3.3. Characteristics of Total Patients
Univariate and multivariate Cox regression analyses were performed to analyze the relationship between benefit items and 1-year mortality among all enrolled patients (Table 3). Group B benefit items were associated with a better survival rate in both univariate and multivariate analyses. The Kaplan-Meier survival estimate correlated with the categories of benefit items, as shown in Figure 3. The Kaplan-Meier estimate of survival did not significantly differ between patients covered by the health insurance benefit extension policy and control patients (Figure 3A). However, the survival curves of patients in group A, group B, and the control group significantly differed according to the log-rank test (P<0.001), and patients in group B had the highest survival probability (Figure 3B).
4. Discussion
Our study investigated the impact of the NHIS health insurance benefit extension policy on long-term outcomes of patients diagnosed with severe pneumonia requiring MV. This analysis utilized the largest national dataset representing the entire Korean population. Our findings revealed a positive association between the benefit items covered under this policy and 1-year mortality among critically ill patients receiving MV for severe pneumonia. To our knowledge, this study is the first to illustrate the potential influence of a government-driven medical expenditure reduction policy on the outcomes of critically ill patients.

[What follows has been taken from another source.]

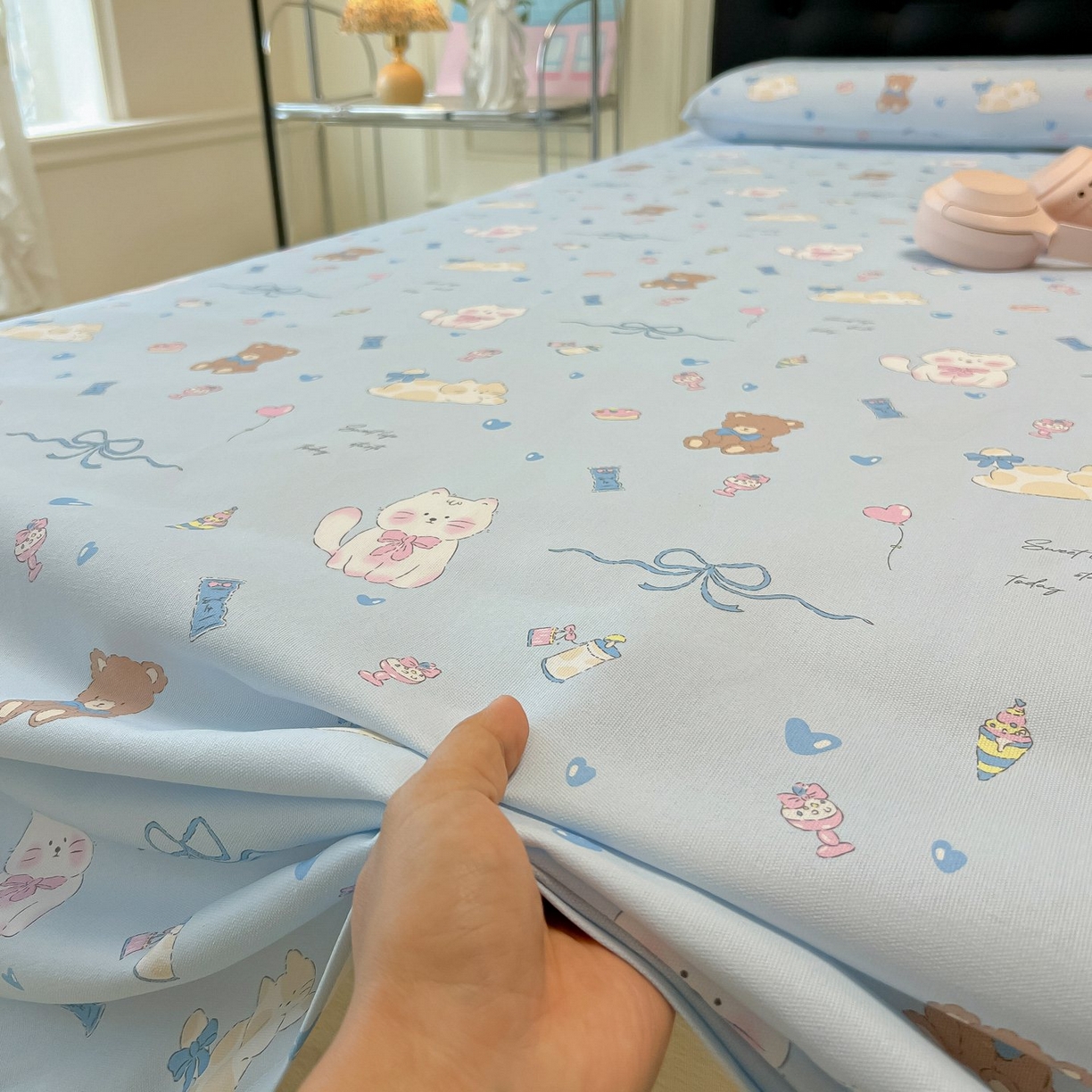 91家纺网 家纺一手货源 找家纺 欧妮家纺 2026新款老粗布床单凉席席子单床单 老粗布-小猫时光蓝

There was no significant difference in the 1-year mortality rate between patients with benefit items and those without. However, upon further analysis by categorizing the entire range of benefit items into four groups, we observed variations in the 1-year mortality rate according to the specific benefit items. Notably, patients with group B benefit items had a lower 1-year mortality rate than those with group A benefit items and those without any benefit items. Patients of group B received more medical resources during their ICU stay, and their out-of-pocket medical expenditure was significantly lower than those of patients with group A benefit items and patients without any benefit items. These results suggest that critical care physicians have the opportunity to allocate more medical resources for optimal treatment in patients with these specific benefit items [14]. Furthermore, it is imperative that physicians consider the benefit items of critically ill patients when planning future treatments in collaboration with their families and surrogates [10].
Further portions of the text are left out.